The task → For this exercise, restate every line below word for word and drop the images.

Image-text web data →
[Start of section]

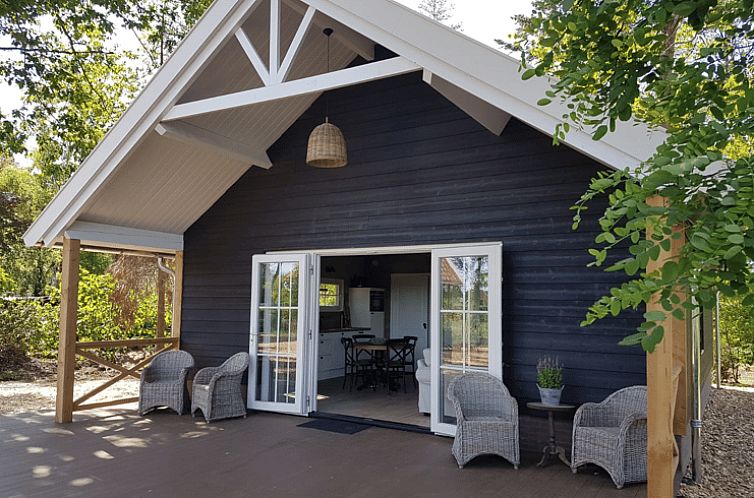 Ferienhaus in Ruurlo mit geraeumiger Veranda, gelegen in der gruenen Umgebung von Achterhoek, Gelderland, ideal fuer einen erholsamen Aufenthalt.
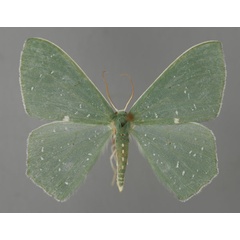 /filer/webapps/moths/media/images/N/niphosporas_Prasinocyma_A_ZSM_01.jpg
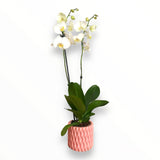Orquídea Pinky
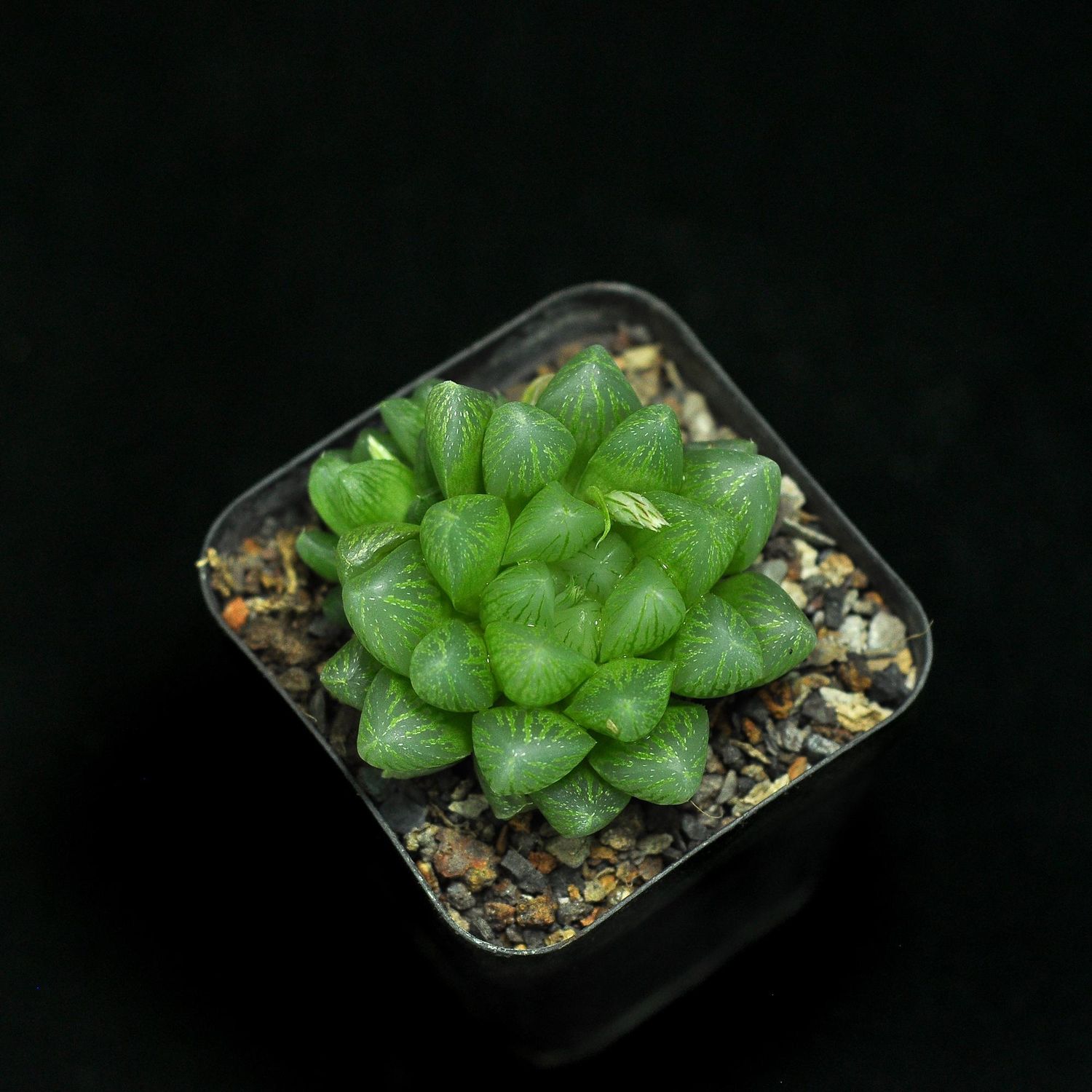 Haworthia obtusa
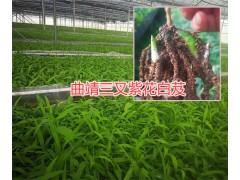 白芨苗大棚種植技術(shù)，曲靖小白芨苗基地圖2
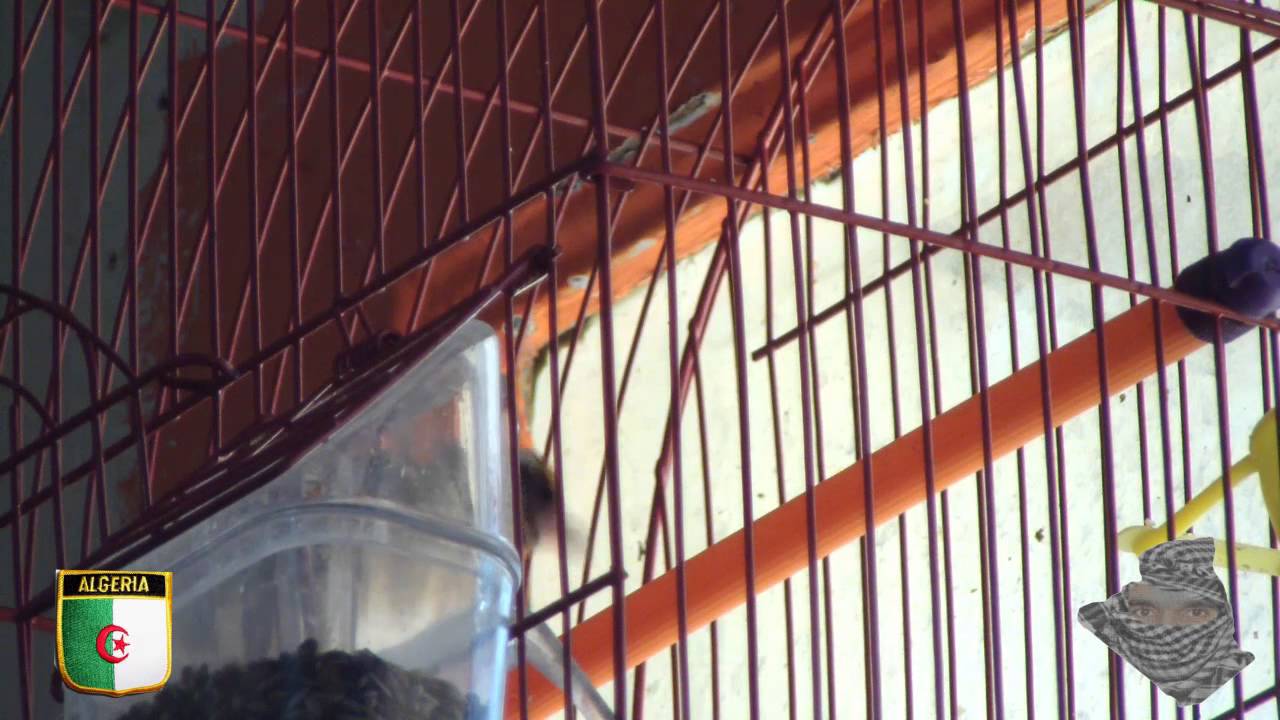 Experience De Reproduction Chardonneret  (14) الحسون للإنتاج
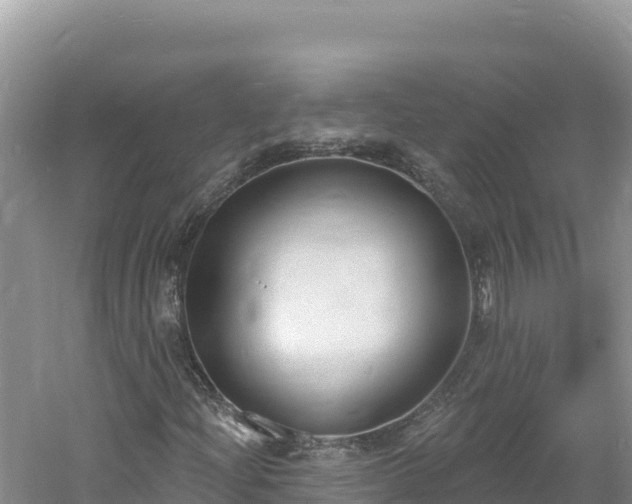 X0000060811204200511171259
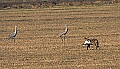 DSC_3456 coyote with snow goose.jpg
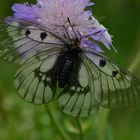 Schwarzer Apollo (Parnassius mnemosyne)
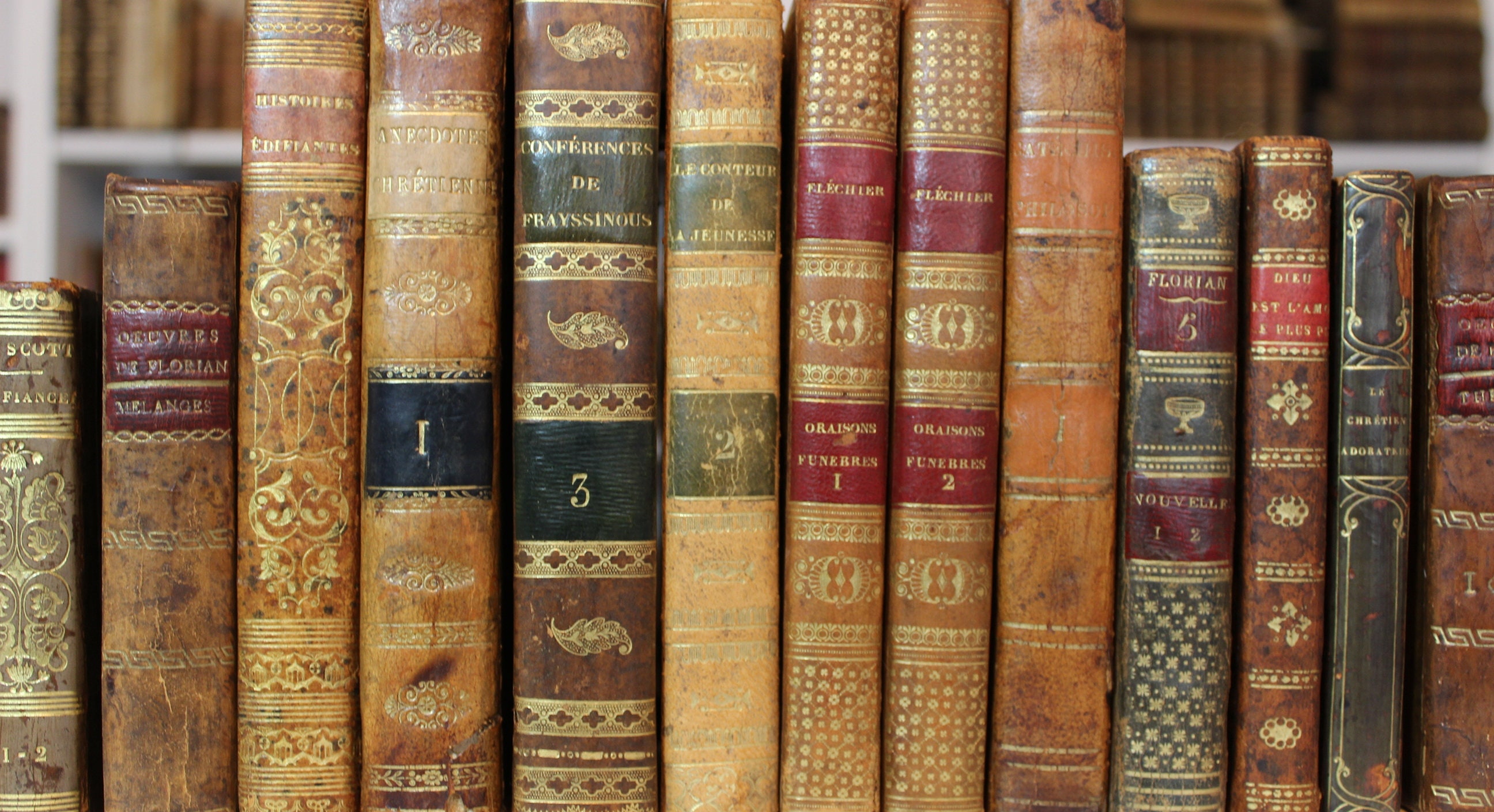 1800s French Antiquarian Book: Decorative Leather Binding, Gilt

[End of section]

Solution for this task →
 Ferienhaus in Ruurlo mit geraeumiger Veranda, gelegen in der gruenen Umgebung von Achterhoek, Gelderland, ideal fuer einen erholsamen Aufenthalt.
 /filer/webapps/moths/media/images/N/niphosporas_Prasinocyma_A_ZSM_01.jpg
Orquídea Pinky
 Haworthia obtusa
 白芨苗大棚種植技術(shù)，曲靖小白芨苗基地圖2
 Experience De Reproduction Chardonneret  (14) الحسون للإنتاج
 X0000060811204200511171259
 DSC_3456 coyote with snow goose.jpg
 Schwarzer Apollo (Parnassius mnemosyne)
 1800s French Antiquarian Book: Decorative Leather Binding, Gilt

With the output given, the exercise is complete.